Yep. No switching games on accounts. :/


----------



## RejZoR (Mar 7, 2011)

Only way to do it is to give away the entire account. Which is not exactly per TOS but can be done.


----------



## skaterdu76650 (Apr 1, 2011)

U give ur account ??? i can have it ?


----------



## scaminatrix (Apr 1, 2011)

^ ^ 
na, can I haz staem plz?


----------



## Deleted member 24505 (Apr 1, 2011)

Theres no way i'd give my steam account away, i've spent more than £300 on it :O

But yer games are locked to it.


----------



## qubit (Apr 1, 2011)

overclocking101 said:


> my son got a steam account today, got him the ati free pack (TF2/HL2)and alien swarm. i have like 30 games I bought but dont even like/play is there a way to give them to another steam user?? say my sons steam account??



Nah, you can't gift it or sell it, unfortunately. There's no technical reason for this, it's just policy - enforced by the delights of DRM. 

They do this to deny you the basic right under the first sale doctrine, to sell on what you've bought. Remember how all the games publishers are bitching about used games, because they don't get a cut of the sales and it supposedly reduces new game sales? This is what happens if we let them have their way.

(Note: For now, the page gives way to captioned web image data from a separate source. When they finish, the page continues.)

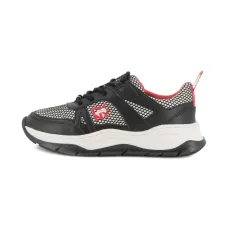 кроссовки с логотипом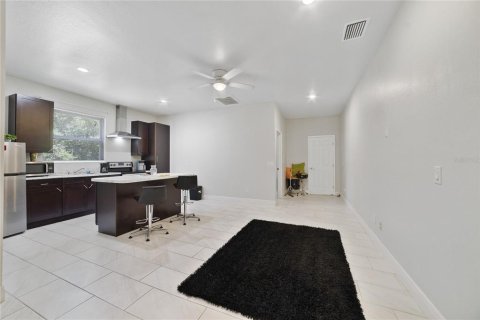 House in Orlando, Florida 5 bedrooms, 278.71 sq.m. № 1919105 - photo 15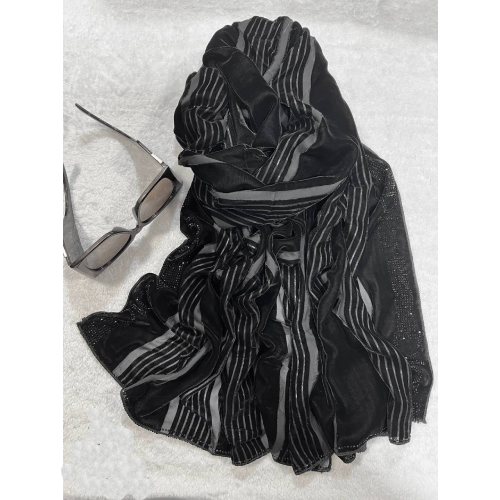 Gucci-c008-black-turgan-scarf-for-women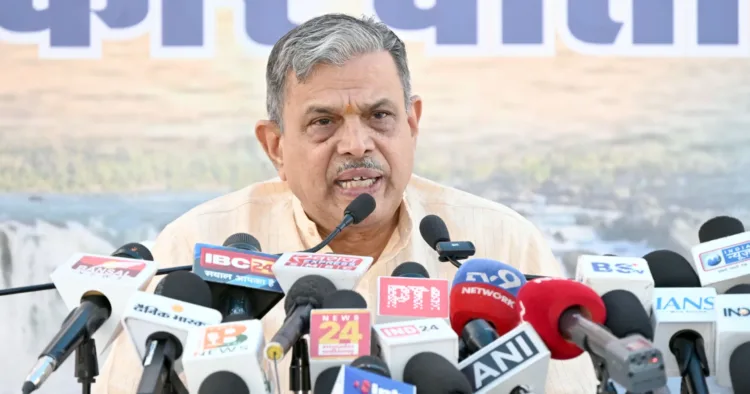 श्री दत्तात्रेय होसबाले, सरकार्यवाह, राष्ट्रीय स्वयंसेवक संघ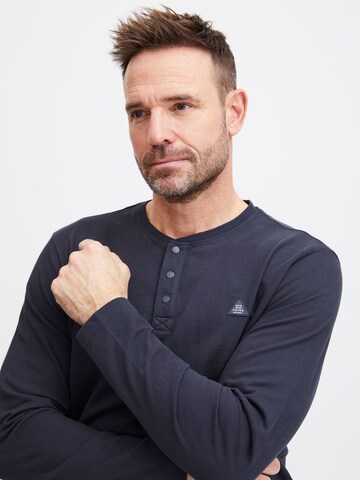 T-Shirt 'Gert' FQ1924 en bleu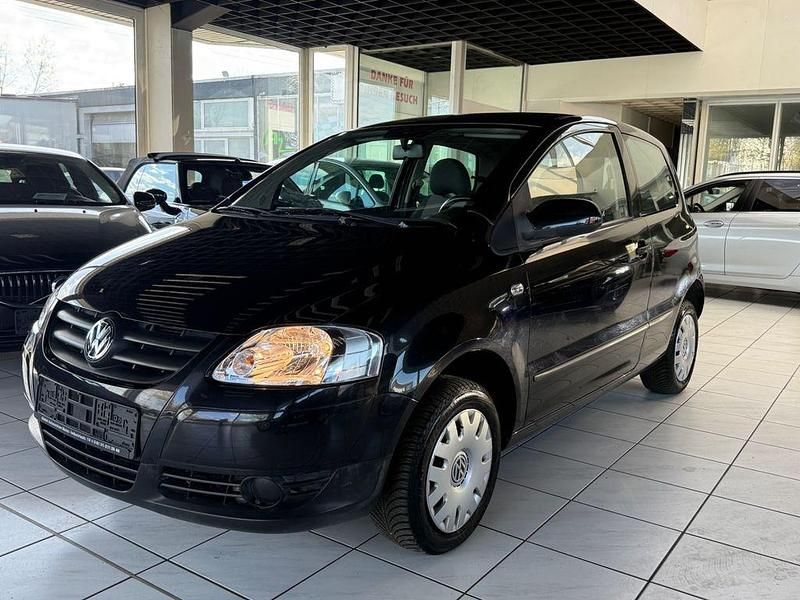 Gebraucht VW Fox Basis 54 PS (39 kW) 2006 Schwarz Kleinwagen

There is no good DRM. Period.


----------



## skaterdu76650 (Apr 1, 2011)

if i understand He can give the account XD ?


----------



## RejZoR (Apr 1, 2011)

> Remember how all the games publishers are bitching about used games, because they don't get a cut of the sales and it supposedly reduces new game sales?

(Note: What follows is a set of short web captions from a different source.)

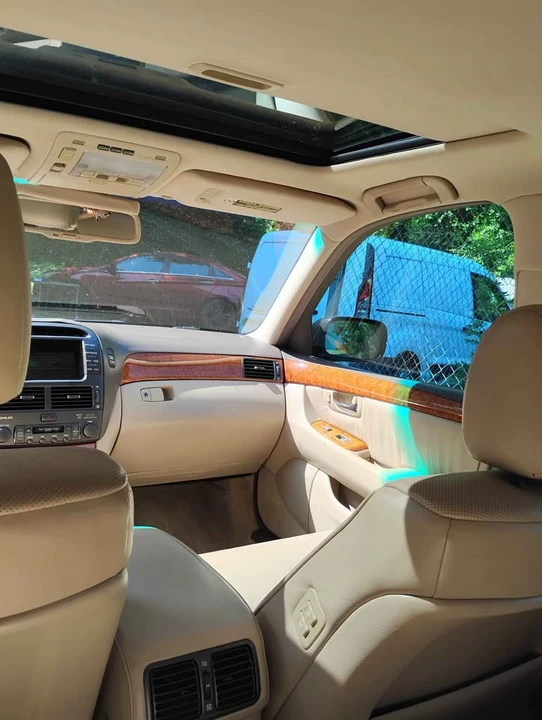 2005 Lexus LS 3rd Gen - Image 8 of 10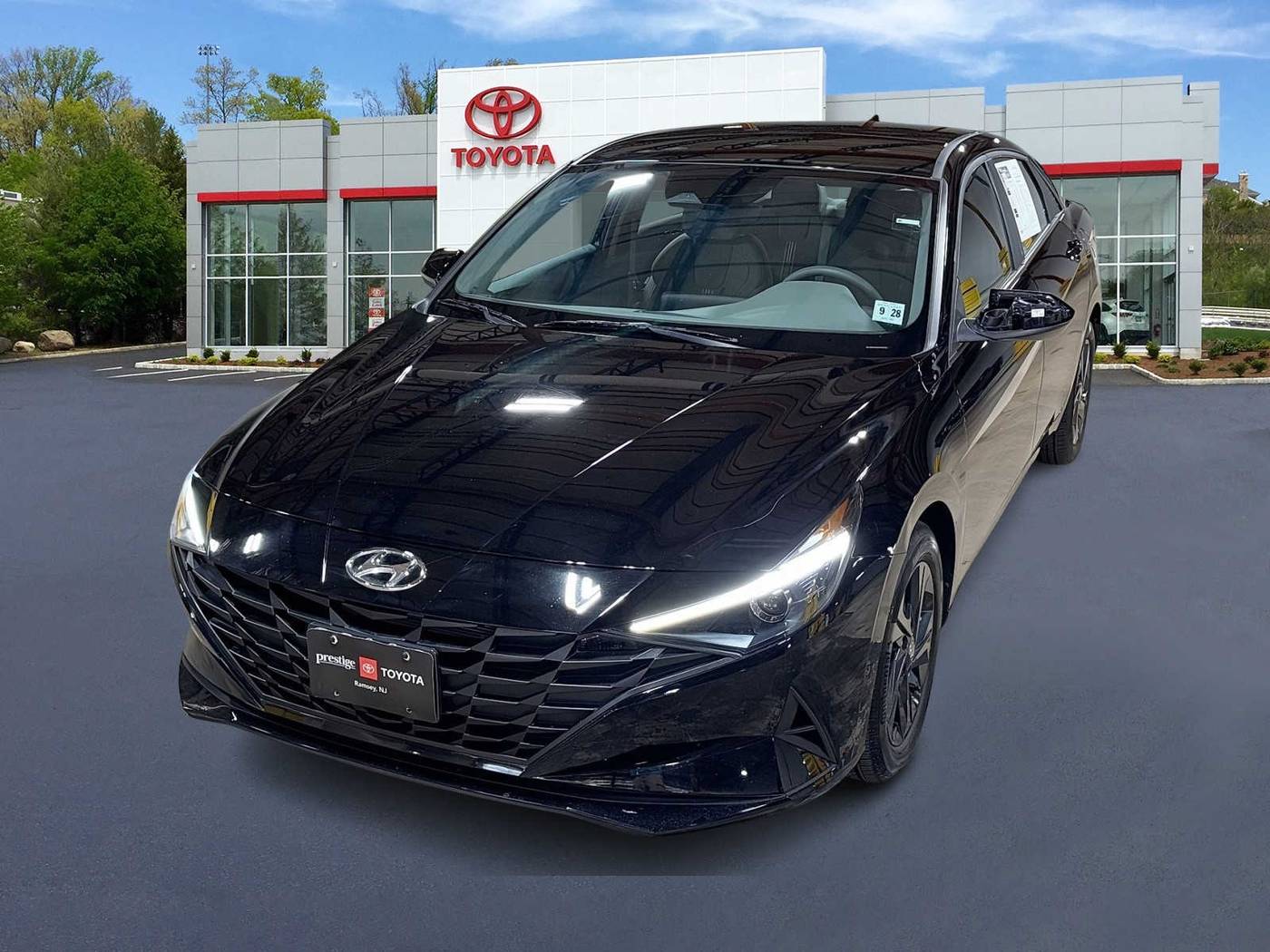 2023 Hyundai Elantra SEL — Sedan — 12,510 mi — Ramsey, NJ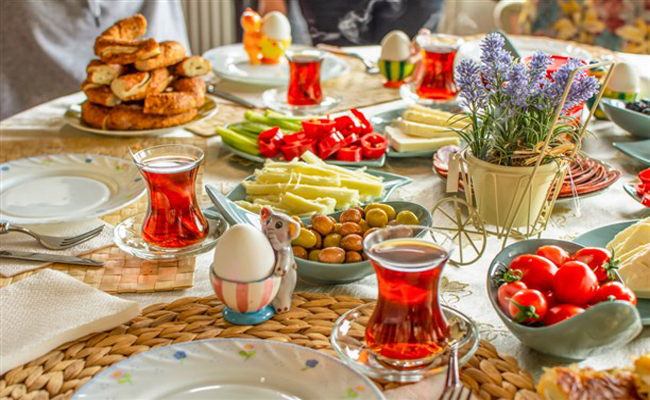 ما هي الفوائد التي توفرها وجبة السحور في رمضان...؟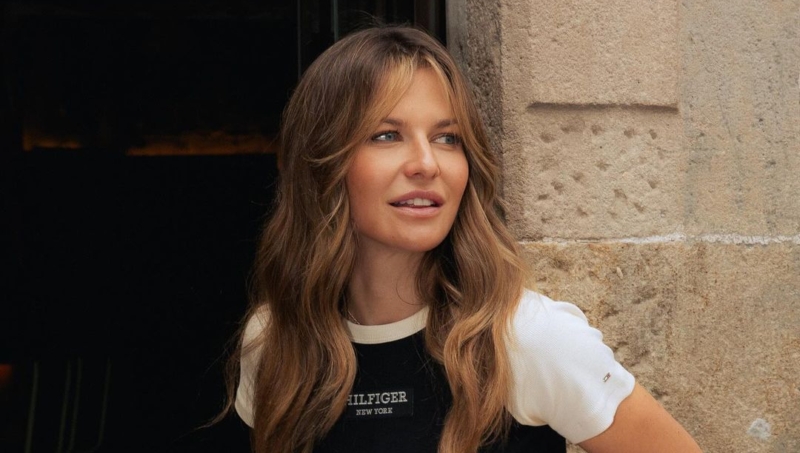 Anna Lewandowska pozuje na siedząco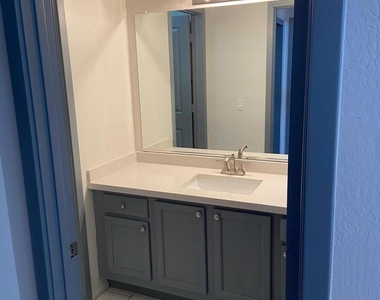 11260 N 92nd Street - Photo Thumbnail 21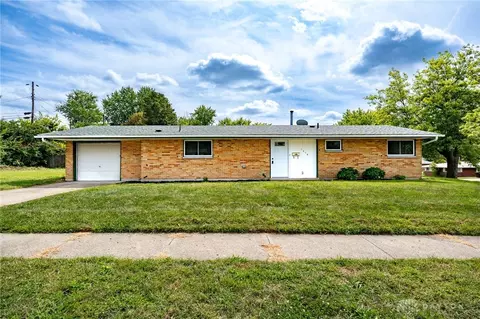 1314 Maplegrove Dr, Fairborn, OH 45324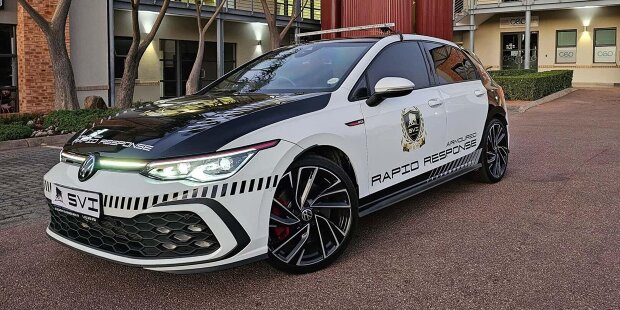 Dieser gepanzerte VW Golf GTI hält einem AK-47-Angriff stand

Actually here is just their own fault as they just refuse to adapt to new style of gamers. They are bitching about not getting their cut from the games. Why don't they start "re-heating" the old games. For example NFS4 or NFS Porsche with refreshed HD graphics using NFS Hot Pursuit engine? Maybe a HD conversion of System Shock 2 using CryEngine 2 or 3. Or even Unreal Engine 3. Or Quake 2 using id Tech 5 engine. Remake it and sell it for half the original price again. I'm sure it would sell like hot cakes to new and existing players. I know i'd buy loads of them. I can't imagine a better way of doing this as nothing can beat an existing experience with a game that you know but then again it feels completely different. They already have everything, they just have to put a bit of a work in it to remake stuff. It's easier and faster than making a brand new game from scratch as you already have everything. They could employ a "HD team" which would only work on older, existing titles and bringing us refreshed "old" games.

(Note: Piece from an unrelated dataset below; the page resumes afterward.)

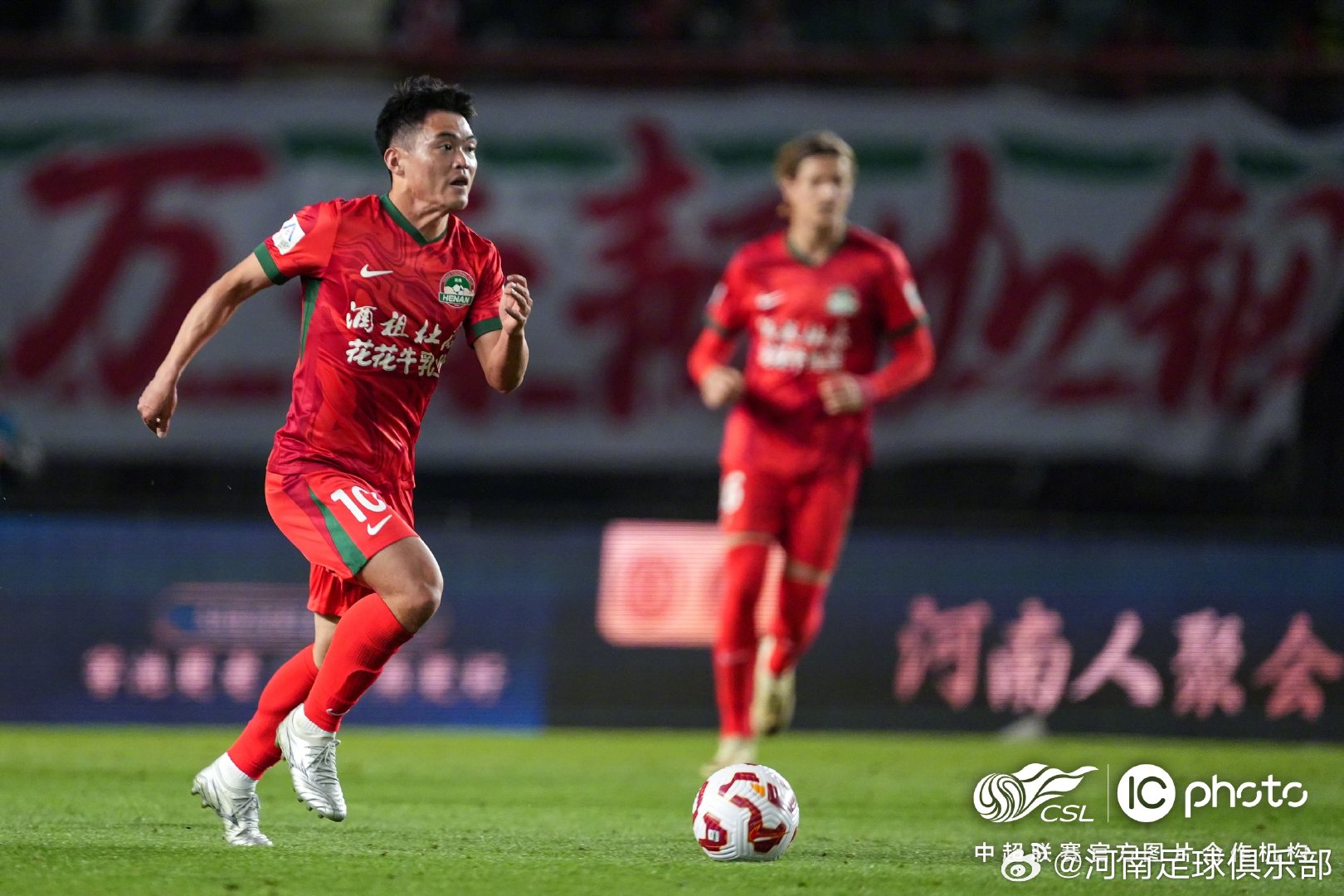 中超-图多列闪击段刘愚扳平三镇1-1西海岸3轮不胜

As for the new games, the sales would not be getting reduced if they stopped releasing crappy direct ports and dumbing down the existing series and show some respect to the customers.

I'm saying these 2 things for ages and so far no one has listened to this. When that day will come, i'll point you this very post!


----------



## brandonwh64 (Apr 1, 2011)

You can give away the WHOLE account but thats really up to you


----------



## Chryonn (Apr 1, 2011)

don't give it away, sell it.


----------



## qubit (Apr 1, 2011)

Chryonn said:


> don't give it away, sell it.



You can't, it's tied to the account...


----------



## overclocking101 (Apr 1, 2011)

yeah i wont be giving the whole account away,i have some games i like on it lol


----------



## Wrigleyvillain (Apr 1, 2011)

I know, I so wish I could do this.


----------



## slyfox2151 (Apr 1, 2011)

Chryonn said:


> don't give it away, sell it.



pretty sure he ment "sell the whole account"


----------



## digibucc (Apr 1, 2011)

you can have your account on multiple computers, and leave one in offline mode.  it can play all the single player games, and the other installation can play anything as it is online.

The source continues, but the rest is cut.